§ **Exercise goal**
Pictures in the data should be dropped; transcribe exactly the lines from the one that has "決定橡膠接頭的價格的因素是什么？" through the one that has "170 E 46th St # 2, Hialeah FL 33013".

§ **Listed entries**
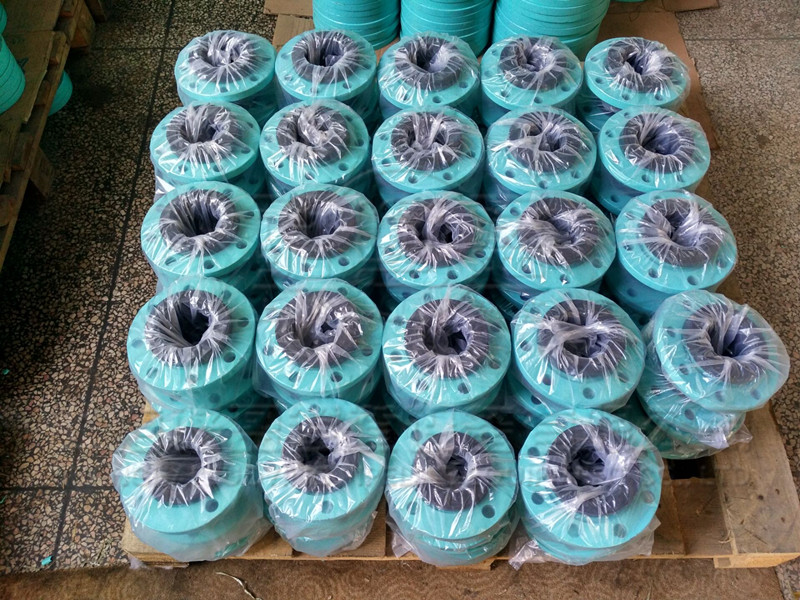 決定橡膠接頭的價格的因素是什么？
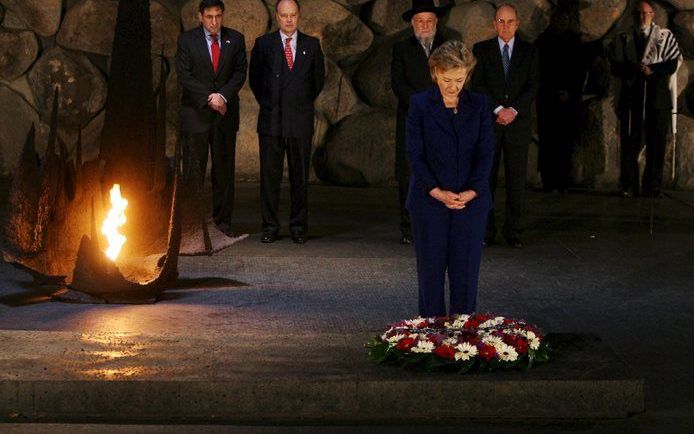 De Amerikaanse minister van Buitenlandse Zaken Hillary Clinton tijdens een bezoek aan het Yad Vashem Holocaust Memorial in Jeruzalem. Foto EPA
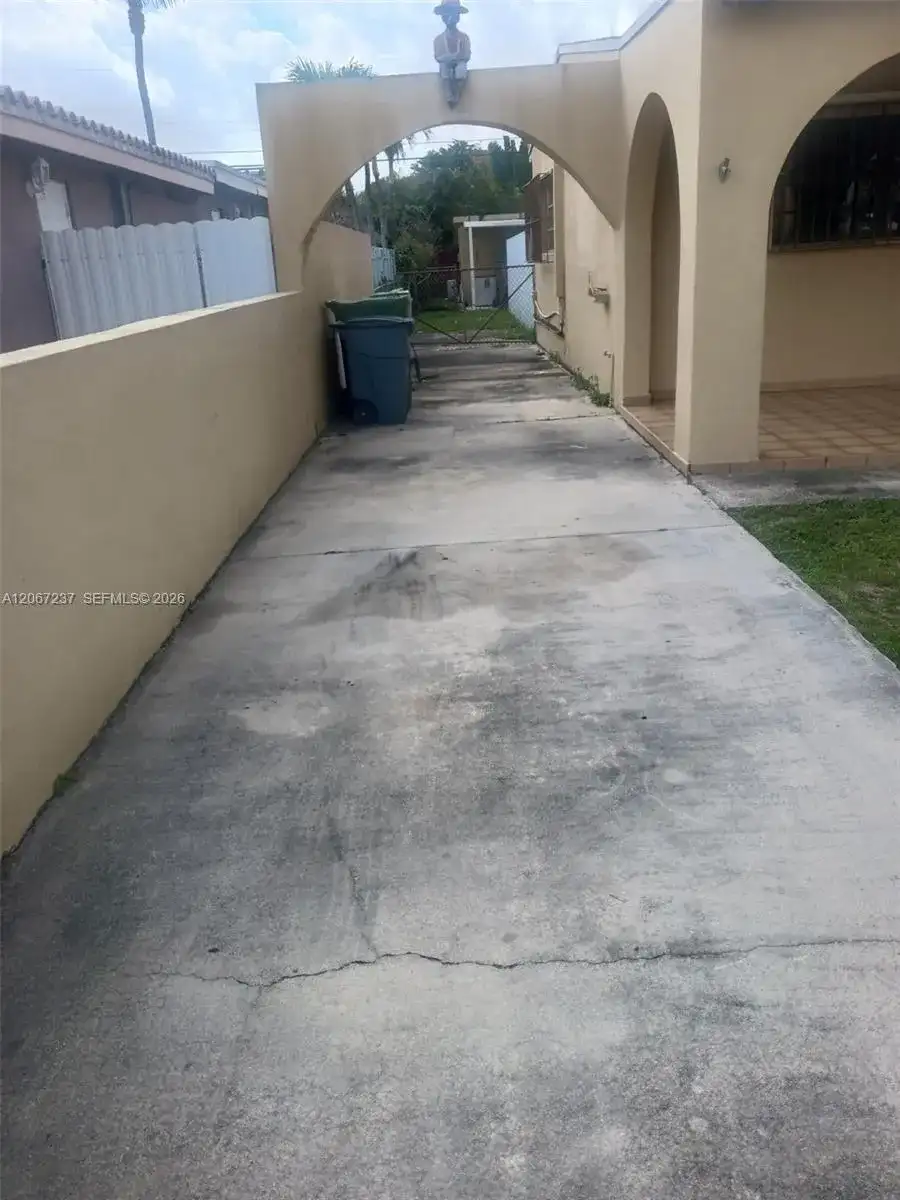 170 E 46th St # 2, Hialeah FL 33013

* * *

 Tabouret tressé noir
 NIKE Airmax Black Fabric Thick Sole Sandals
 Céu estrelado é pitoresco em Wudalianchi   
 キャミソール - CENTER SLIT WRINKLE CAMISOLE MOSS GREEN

§ **Solution**
 決定橡膠接頭的價格的因素是什么？
 De Amerikaanse minister van Buitenlandse Zaken Hillary Clinton tijdens een bezoek aan het Yad Vashem Holocaust Memorial in Jeruzalem. Foto EPA
 170 E 46th St # 2, Hialeah FL 33013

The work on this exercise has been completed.